Sure. I’ll make an attempt at all that, Brian. Clearly, we internally forecast Q1 to be higher operating costs than any of the other three quarters really just based on the impact of weather. And so when you think about, say, for example in our Utah operations, if you have any type of weather shutdowns for weather related or marketing related, just the nature of that waxy crude cause you to spend some additional dollars.

Similarly, we are trying to get ahead of the curve in terms of production by doing a lot of our workover activity in Q1 versus some of the other quarters. So we generally front-end load Q1 and then the other remaining three quarters are generally much more flatter. So I would expect expenses in Q2 to be less than expenses in Q1.

In terms of your question about 2013 per unit costs versus 2014 per unit costs, 2014 will be higher. When you think about selling the West Tavaputs field in Q4 of last year, I believe that asset was a -- and on combining things, that’s probably, it was a $0.42 per Mcfe asset, so times six, you’re getting to $2.40 on a Boe equivalent and we probably run something more than double that as a company in terms of just the oil operations.
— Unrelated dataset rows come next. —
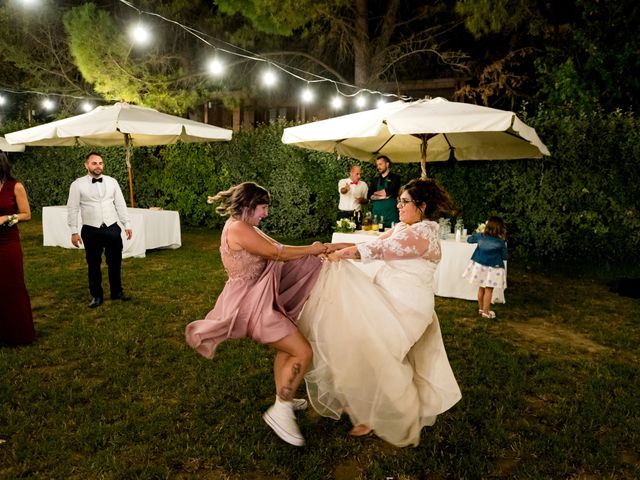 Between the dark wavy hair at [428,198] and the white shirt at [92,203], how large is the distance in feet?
13.2

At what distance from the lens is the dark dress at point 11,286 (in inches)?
179

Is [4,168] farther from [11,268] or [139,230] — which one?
[139,230]

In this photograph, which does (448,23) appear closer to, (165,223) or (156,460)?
(165,223)

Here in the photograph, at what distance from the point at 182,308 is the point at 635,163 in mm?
7800

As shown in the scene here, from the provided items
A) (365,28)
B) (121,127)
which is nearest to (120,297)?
(121,127)

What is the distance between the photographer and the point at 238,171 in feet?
41.3

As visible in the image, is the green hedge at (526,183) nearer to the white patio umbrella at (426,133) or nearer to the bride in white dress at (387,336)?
the white patio umbrella at (426,133)

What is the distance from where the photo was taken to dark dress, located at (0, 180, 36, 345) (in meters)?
4.55

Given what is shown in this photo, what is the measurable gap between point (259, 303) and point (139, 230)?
23.1 ft

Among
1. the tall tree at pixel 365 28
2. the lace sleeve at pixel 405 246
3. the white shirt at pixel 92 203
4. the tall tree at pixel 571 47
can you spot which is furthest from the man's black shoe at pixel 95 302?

So it’s going to be a natural progression as we continue to get more and more oilier for those per unit costs to go up.

Brian Singer - Goldman Sachs

And then moving to Chalks Bluff or Chalk Bluffs, could you add any more color to what you've seen so far from these two wells and how they compare to what you're seeing in your Northern and Southern Wattenberg acreage?

Scot Woodall

Sure. The target in Chalks Bluffs has been the Codell. Codell is thick up there. We seem like we’re sitting in a pretty thick area, and so the four wells that we have drilled are all targeting the Codell. Two of those wells that we have online and they are very preliminary, it’s been a handful of days or so. But just the initial few days has made it very encouraging from a production standpoint. Those wells are more like 85% of oil.

And so they have a pretty high oil content, and so we’re pretty excited about the opportunities that sit there. We have around 20,000 acres up there. So, I think completing two more wells which we expect to do in the quarter, having four wells of results will kind of drive the future activity as we kind of look forward to the rest of the year.

Brian Singer - Goldman Sachs

And are the oil rates exceeding those that you've drilled that you talked about earlier in the call from -- to the Western area or are they similar? Can you characterize the Chalk Bluffs versus your Western portion to the South?

Scot Woodall

I probably don’t want to do that yet. Like I say, it’s only been a few days. All the operations people are frowning at me right now. So, I guess they want a few more days before we start speaking to rates. So I would think we should be able to provide an update on the next call.

Operator

(Operator Instructions) Your next question comes from the line of Pearce Hammond with Simmons & Co. Please proceed.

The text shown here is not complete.